Popular with visitors throughout the year, with extensive use of the river estuary and local walks, the village holds a festival in the last week of June and the first week of July.

==Sport==
Llangwm Rowing Club uses Celtic Longboats at sea. Llangwm Rugby Club and cricket club are both active.

==Culture==
In 2014, residents of the village performed a musical piece to mark the centenary of the beginning of World War I. Entitled "WW1 – A Village Opera", the work, written by Pembrokeshire author and poet Peter George, with music by Llangwm resident Sam Howley, wove the stories of villagers affected by the war into the greater political narrative of the buildup to war.

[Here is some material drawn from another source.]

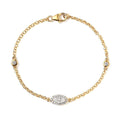 Moissanite Evil Eye Protector Station Bracelet in Vermeil Yellow Gold Over Sterling Silver (7.25 In) 0.85 ctw - Sticky add to cart bar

Llangwm is home to Pembrokeshire's newest literary festival, the Llangwm Literary Festival. The festival, held each August, includes activities for both adults and for children, including creative writing and art workshops. Festival events are hosted in venues around the village. The festival has welcomed various people including Griff Rhys Jones, Tristan Gooley, Ferdinand Mount, Diana Darke, David Horspool and Brian John to talk about such subjects as Wales, comedy, history, tragedy and navigation. Local artists have also featured.